La S.A.S. [1], succombant, elle ne pourra qu’être déboutée de sa demande au titre de l’article 700 du Code de procédure civile.
PAR CES MOTIFS
Le tribunal judiciaire de Toulouse, pôle social, après en avoir délibéré conformément à la loi, statuant par jugement mixte contradictoire, rendu en premier ressort et par mise à disposition au greffe de la juridiction,
DIT que l’accident du travail survenu à monsieur [E] [R] en date du 09 juin 2022 est dû à la faute inexcusable de la S.A.S. [1], son employeur ;
ORDONNE à la caisse primaire d’assurance maladie de la Haute-Garonne de majorer au montant maximum la rente versée, dès que celle-ci sera fixée, en application de l’article L.452 2 du Code de la sécurité sociale ;
DIT que la majoration de la rente servie suivra l’évolution éventuelle du taux d’incapacité attribué ;
AVANT DIRE DROIT sur la liquidation des préjudices subis par monsieur [E] [R] du fait de cette faute inexcusable de l’employeur, ORDONNE une expertise judiciaire et COMMET pour y procéder le Docteur
Docteur [K] [W]
Institut Médico-légal – Bâtiment [Adresse 5]
CHU PURPAN [Adresse 6]
[Localité 2]
où à défaut
Docteur [L] [U]
Institut Médico-légal – [Adresse 7]
CHU [Localité 3] [Adresse 6]
[Localité 2]
qui aura pour mission de :
— Convoquer les parties et leurs conseils,
— Se faire communiquer ou prendre connaissance de l’ensemble des documents médicaux,
— Rechercher et évaluer les préjudices personnels mentionnés à l’article L. 452-3 du Code de la sécurité sociale : les souffrances endurées, le préjudice d’agrément, le préjudice esthétique temporaire et définitif, la perte de possibilité de promotion professionnelle,
— Rechercher et évaluer les préjudices non couverts par le livre IV du Code de la sécurité sociale : le déficit fonctionnel temporaire total et partiel, le déficit fonctionnel permanent, l’assistance d’une tierce personne (avant consolidation) le préjudice sexuel, l’éventuel besoin en aménagement du logement et de la voiture.
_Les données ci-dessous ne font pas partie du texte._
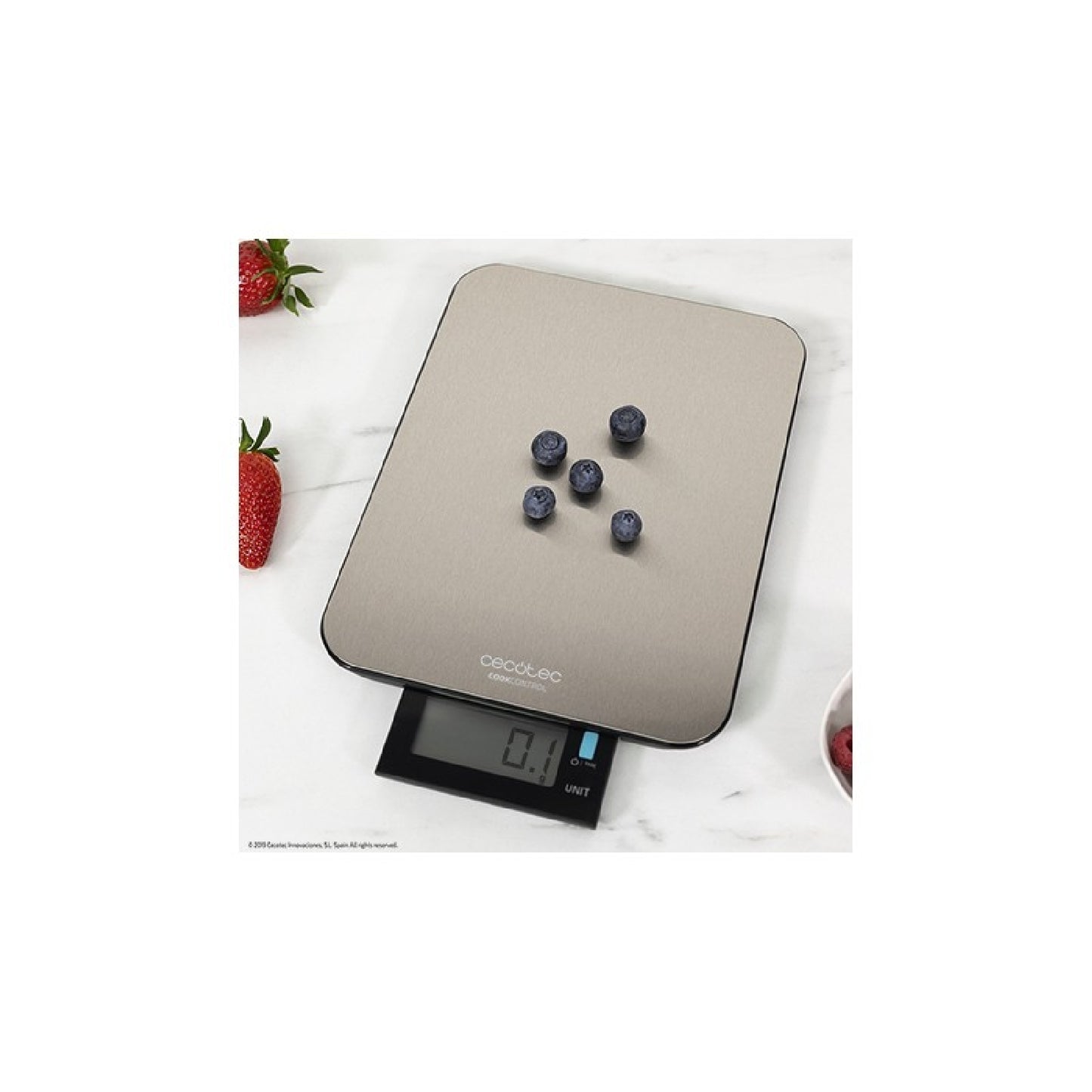 Cecotec Báscula De Cocina Báscula De Cocina Cook Control 9000 Waterproof_3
DIT que l’expert accomplira sa mission conformément aux dispositions des articles 232 à 248, 263 à 284 du Code de procédure civile et qu’en particulier il pourra recueillir les déclarations de toute personne informée et prendre l’avis de tout spécialiste de son choix ;
RAPPELLE que l’expert devra convoquer le médecin conseil de la caisse primaire d’assurance maladie de la Haute-Garonne et l’employeur afin que ce dernier puisse déléguer le médecin de son choix à l’expertise ;
DIT que l’expert devra adresser le rapport de sa mission au greffe du pôle social du tribunal de judiciaire de Toulouse dans les quatre mois de sa saisine ;
DIT que la mesure d’instruction sera mise en œuvre sous le contrôle du magistrat prescripteur de cette mission ;
DIT que l’expertise médicale aura lieu aux frais avancés par la caisse primaire d’assurance maladie de la Haute-Garonne ;
FIXE l’indemnité provisionnelle à allouer à monsieur [E] [R] à la somme de 2.000,00 euros (Deux mille);
DECLARE le jugement à intervenir commun et opposable à la [3] en sa qualité d’assureur de la S.A.S. [1] ;
CONSTATE que la caisse primaire d’assurance maladie de la Haute-Garonne dispose d’une action directe à l’encontre de la S.A.S. [1] ;
CONDAMNE la S.A.S. [1] à verser à monsieur [E] [R] la somme de 2.000,00 euros (Deux mille) au titre de l’article 700 du Code de procédure civile
RESERVE les dépens ;
DIT que cette décision est opposable à la CPAM de la Haute-Garonne ;
DEBOUTE les parties de toute autre demande plus ample ou contraire ;
Ainsi jugé et mis à disposition au greffe du tribunal le 18 décembre 2025, et signé par le président et le greffier.